And it is a complete honor to have the author of this book, Dean Ladd, here to talk with us about
his experiences.
Colonel Ladd, welcome to the program.
Thank you.
That's incredible.
The things that you went through in this book has been,
I could not put this book down and this book is just the picture that it paints of what you all went through in that Pacific campaign is
It's unbelievable what you guys went through.

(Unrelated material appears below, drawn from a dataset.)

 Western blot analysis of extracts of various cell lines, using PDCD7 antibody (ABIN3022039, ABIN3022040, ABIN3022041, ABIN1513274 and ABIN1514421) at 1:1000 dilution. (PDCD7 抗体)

It truly is
So I guess if we're going to start I always like to start I always like to start at the start
So for you going to the book here it says in early 1939 a book
boy from the next block came home from overseas.
And I was never the same because of it.
His name was Lee Preston.
And he was a corporal on leave from the Marine Corps.
He showed up wearing his dress blues,
creating quite a stir in our quiet Spokane neighborhood.
Mostly, I think, the stir was in me.
He looked so sharp in that uniform and his manner,
the way he carried himself at once modest,
but utterly self-assured.
Got me thinking about myself and my future.
I was only a couple years younger than Lee, but it didn't seem that way.
I was a senior in high school, just a teenager, still a kid.
And Lee, well, he was different now.
He had changed.
He had left home a boy and returned a Marine, a warrior, a man.
So the old Marine Corps recruiting process of just sending Marines home on leave
and their dressed uniform worked on you, huh?
It really did.
And what did you know about the military?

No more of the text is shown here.